* Work task
Whatever precedes the line containing "giá heo hơi" is not copied; that line and every line after it through the final one below are copied exactly, except pictures.
*** Given data ***
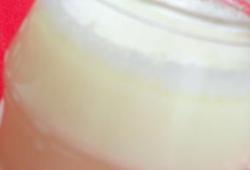 Recette Dukan : Blanc-manger et sa compote de rhubarbe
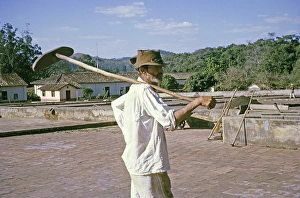 Male labourer carrying a shovel to dry coffee on a farm, Fazenda Sant Anna, Campinas, Brazil, South America 1962, South America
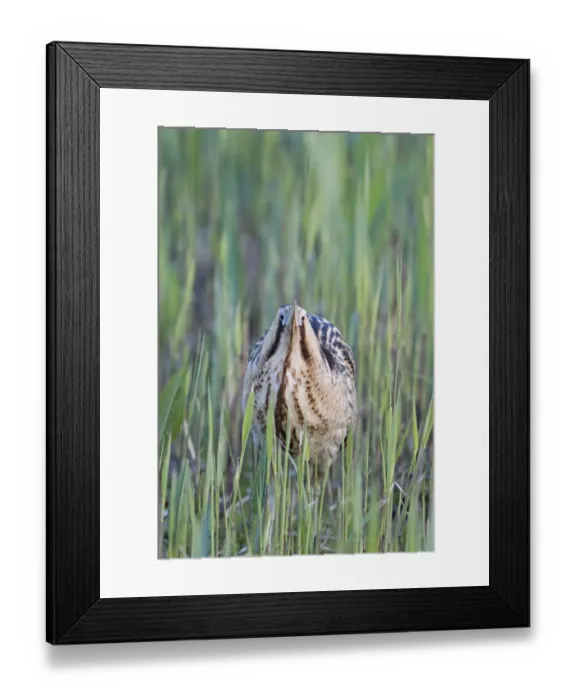Framed Print : Great Bittern (Botaurus stellaris) adult male, standing amongst fresh reedbed growth, Minsmere RSPB Reserve, Suffolk, England, april Framed Print : Great Bittern (Botaurus stellaris) adult male, standing amongst fresh reedbed growth, Minsmere RSPB Reserve, Suffolk, England, april
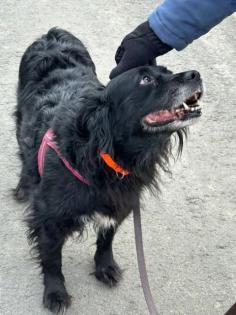 Ronna - Hundedame verliert ihr Zuhause dringend End- oder Pflegeplatz gesucht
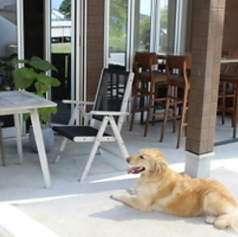 Blue 3CAFE ブルースリーカフェの特集写真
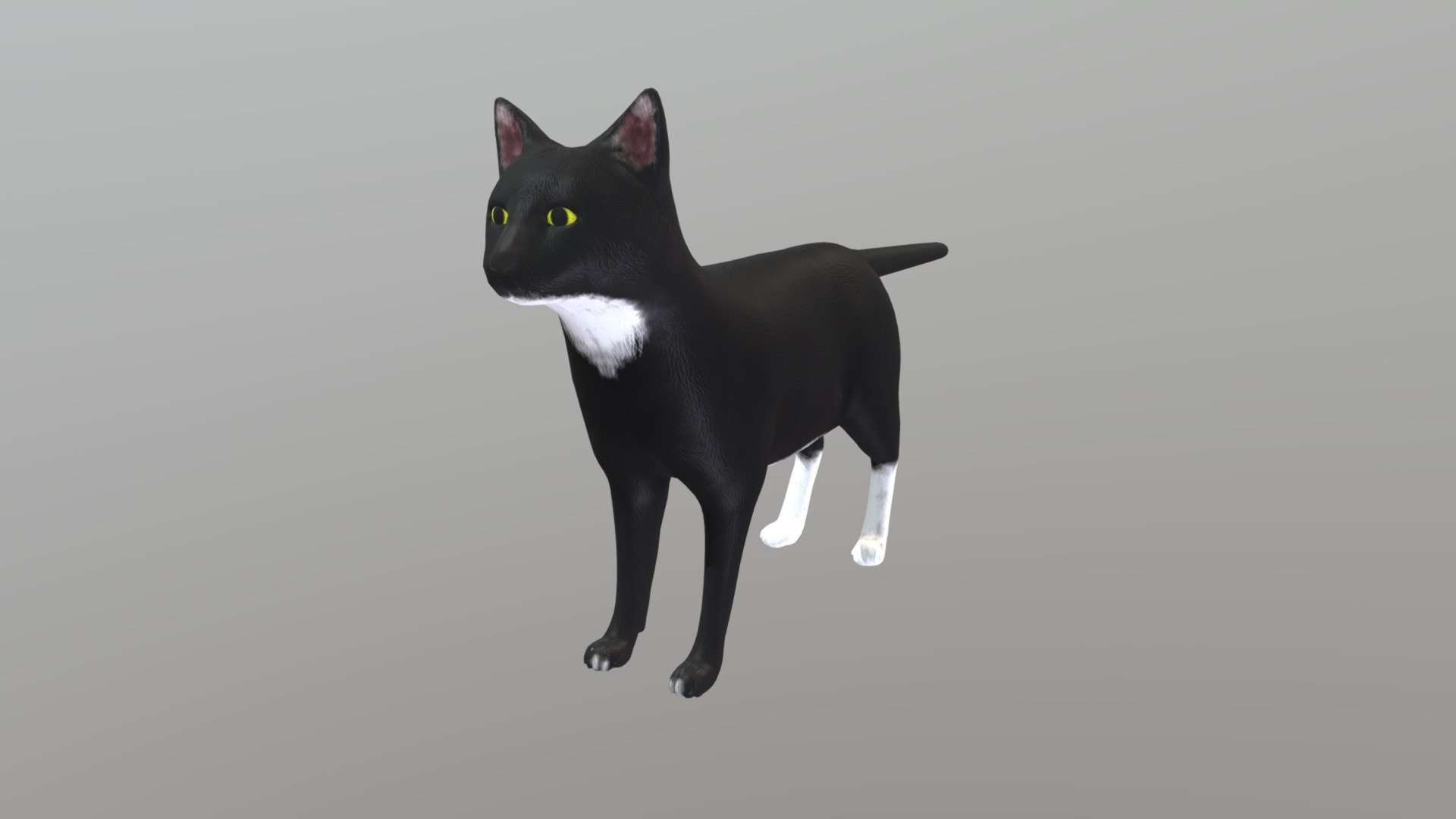 Cat - 3d Model By Sandra R (@sandra R) [5cbf7b6] - Sketchfab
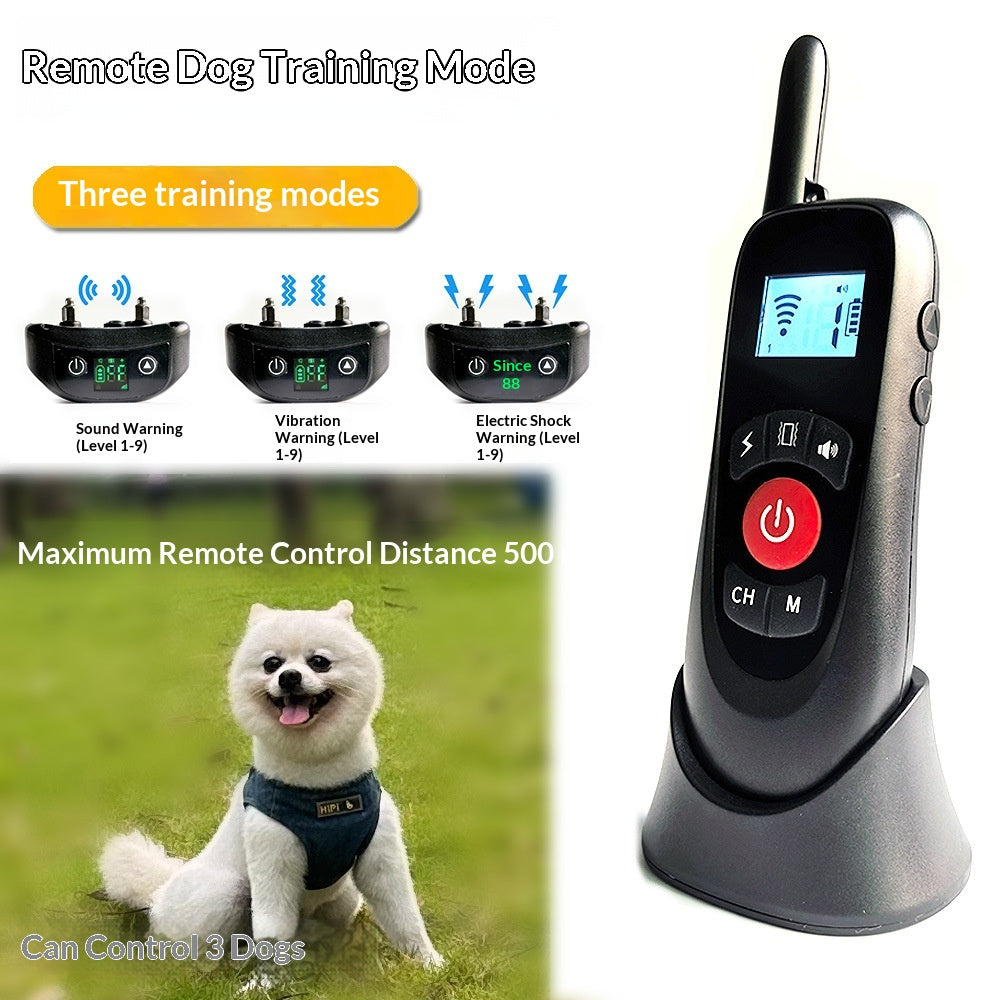 Elektronische Hundezuendung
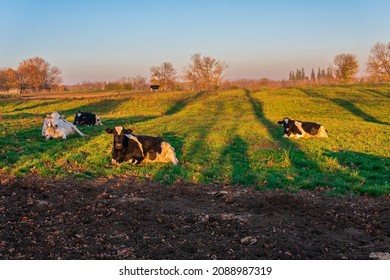 Beef Cattle On Farm Pasture In Durham County Ontario Canada In Late Fall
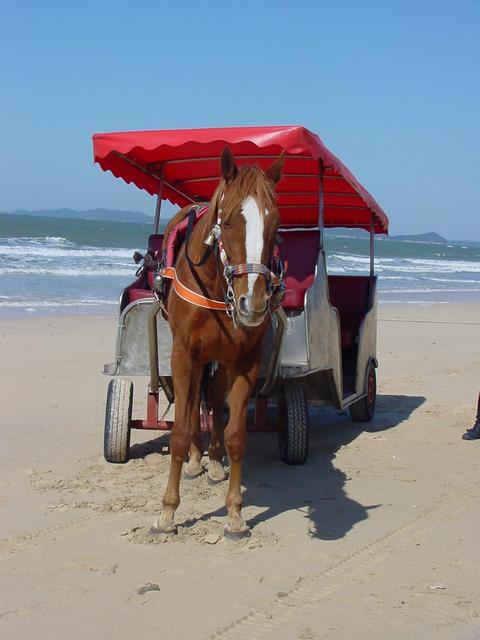 해변의 말과 마차
 - 대천해수욕장; 말; 마차; horse; 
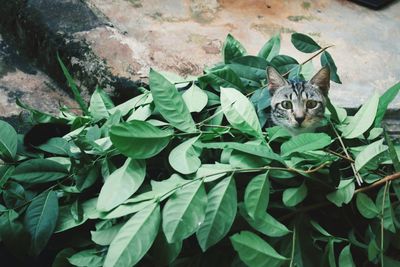 Portrait of cat on plant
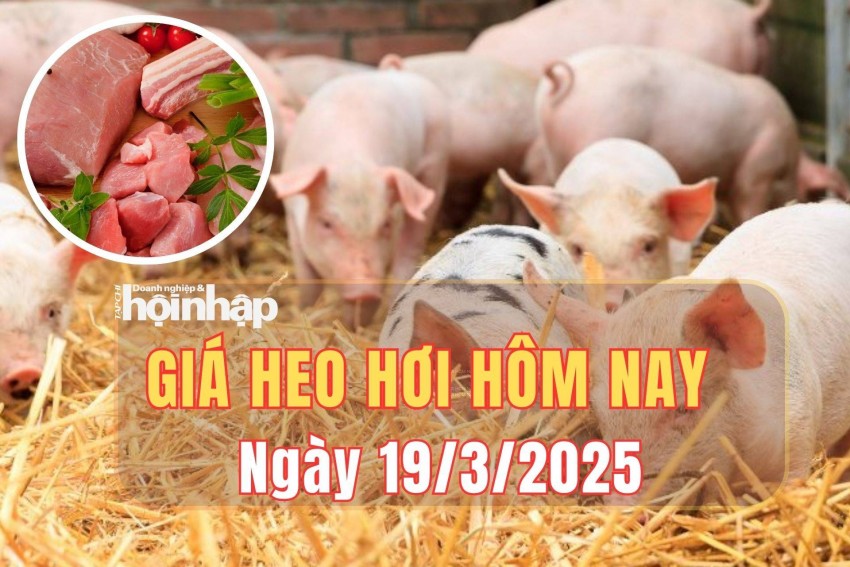 giá heo hơi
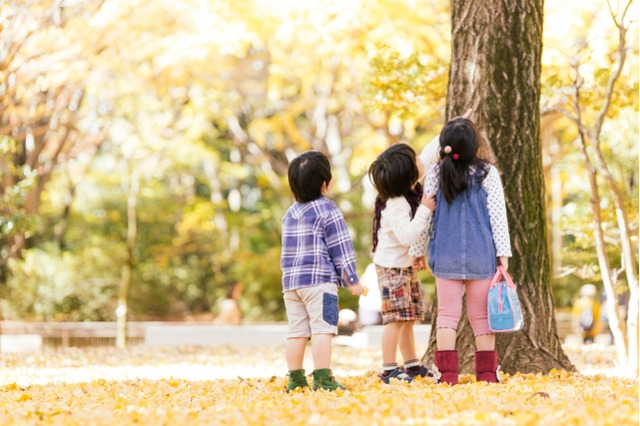 紅葉するのはなぜ？親子で学ぶ、秋の理科旅…SS-1辻義夫先生 画像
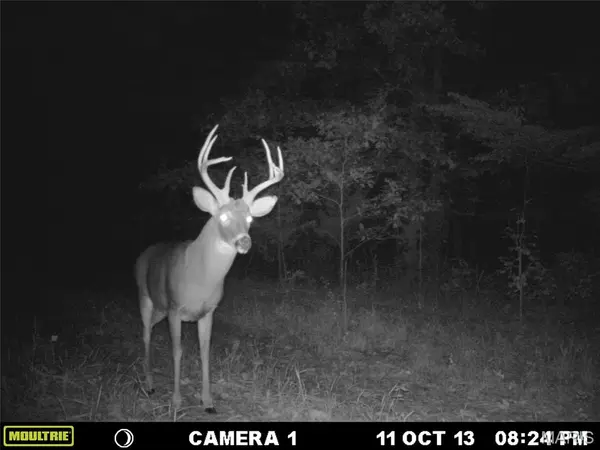 TBD Tract 5 Bobwhite Lane, Fairdealing, MO 63939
*** End of Given data ***
* Solution for this problem
 giá heo hơi
 紅葉するのはなぜ？親子で学ぶ、秋の理科旅…SS-1辻義夫先生 画像
 TBD Tract 5 Bobwhite Lane, Fairdealing, MO 63939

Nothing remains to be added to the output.